Transcribe exactly the lines below that begin at the line with "sbs part 1815202269 Brake Disc" and stop after the line with "70S DELUXE GLAM COSTUME, ADULT", leaving out every picture.

++++ Available records

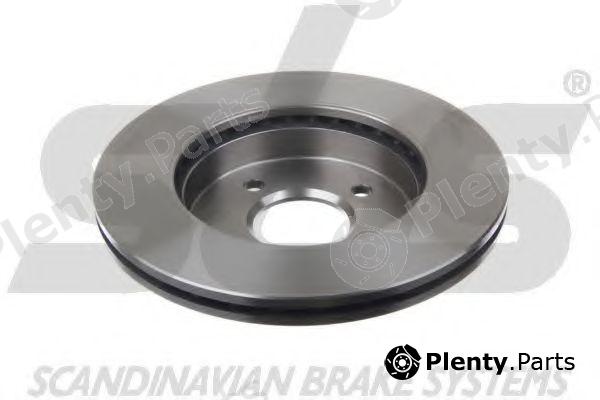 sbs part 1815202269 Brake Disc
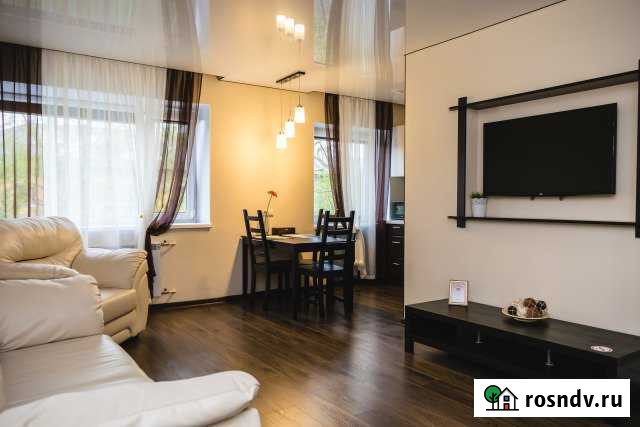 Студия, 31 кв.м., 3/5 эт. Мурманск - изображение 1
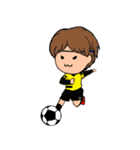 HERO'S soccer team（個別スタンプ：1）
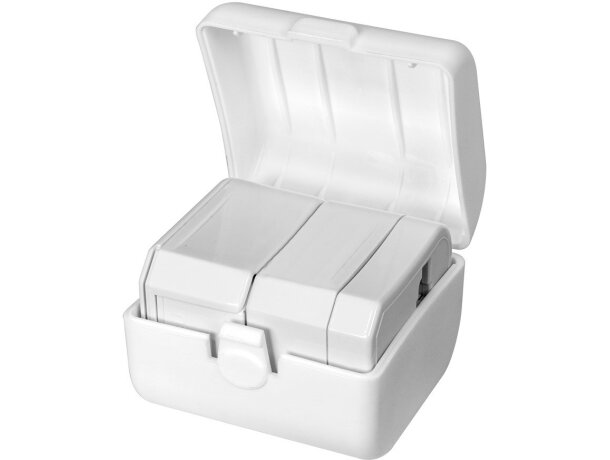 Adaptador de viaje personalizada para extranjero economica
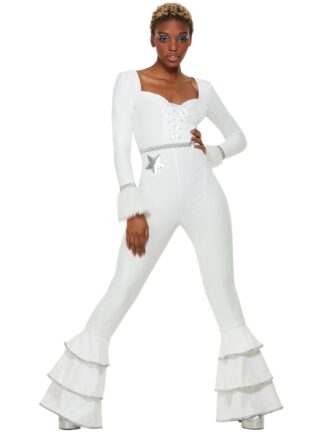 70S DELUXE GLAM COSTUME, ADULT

++++++++
++++ Available records

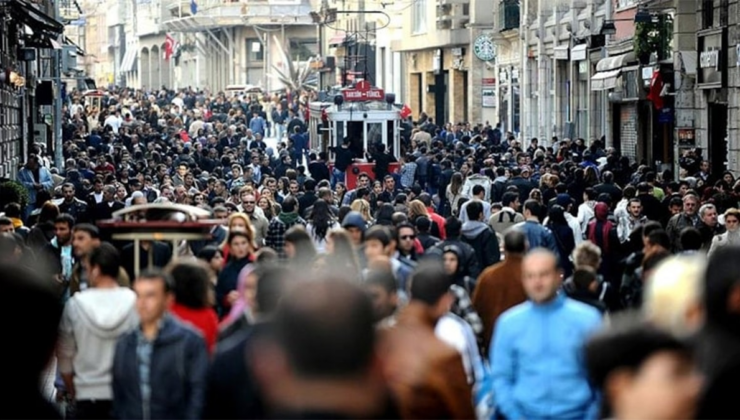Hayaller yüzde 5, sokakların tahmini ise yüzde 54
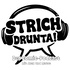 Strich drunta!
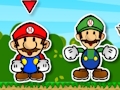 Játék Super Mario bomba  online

++++++++
++++ Available records

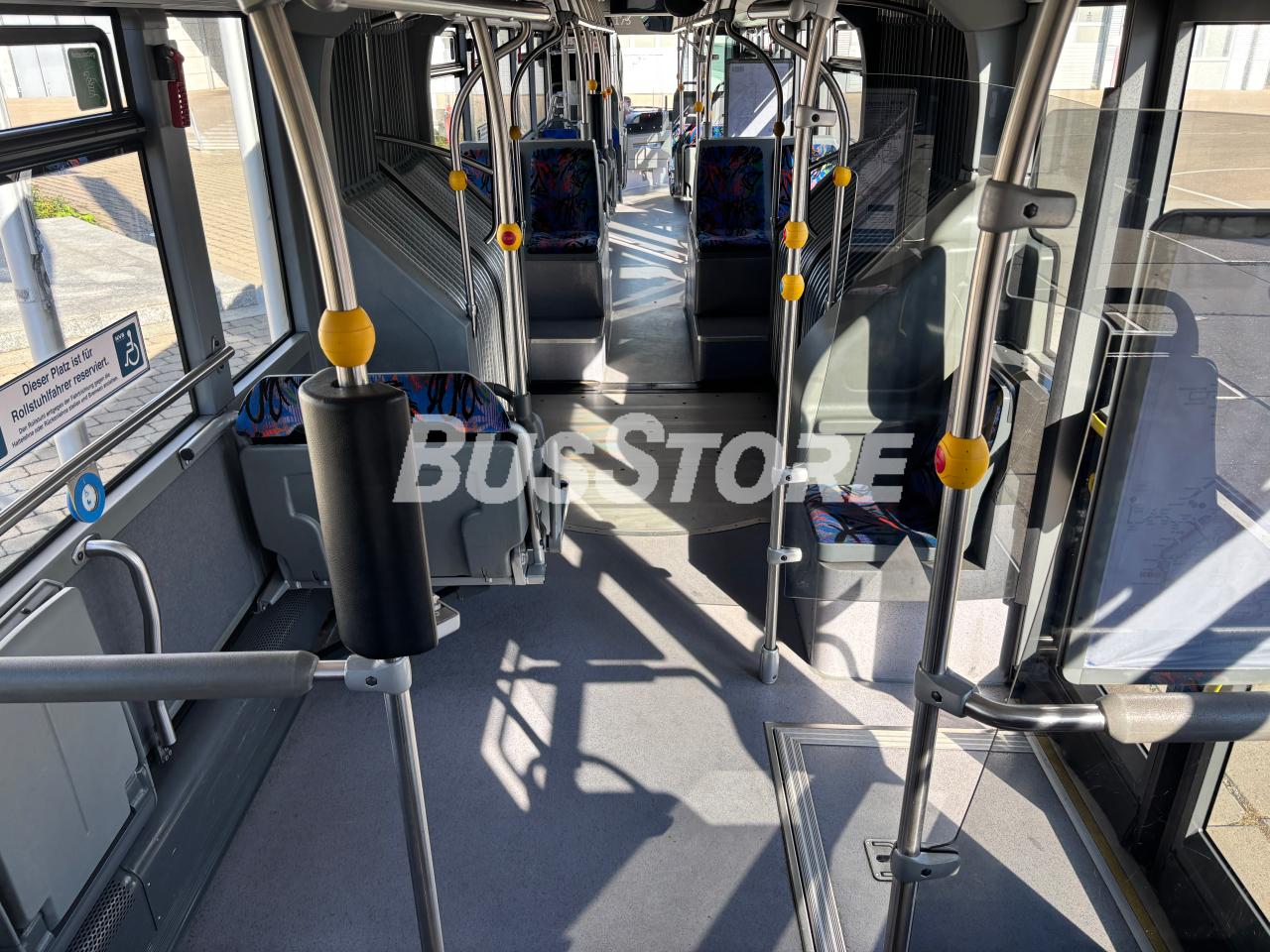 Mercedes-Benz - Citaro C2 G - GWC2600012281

++++++++

*Answer for the task:*
 sbs part 1815202269 Brake Disc
 Студия, 31 кв.м., 3/5 эт. Мурманск - изображение 1
 HERO'S soccer team（個別スタンプ：1）
 Adaptador de viaje personalizada para extranjero economica
 70S DELUXE GLAM COSTUME, ADULT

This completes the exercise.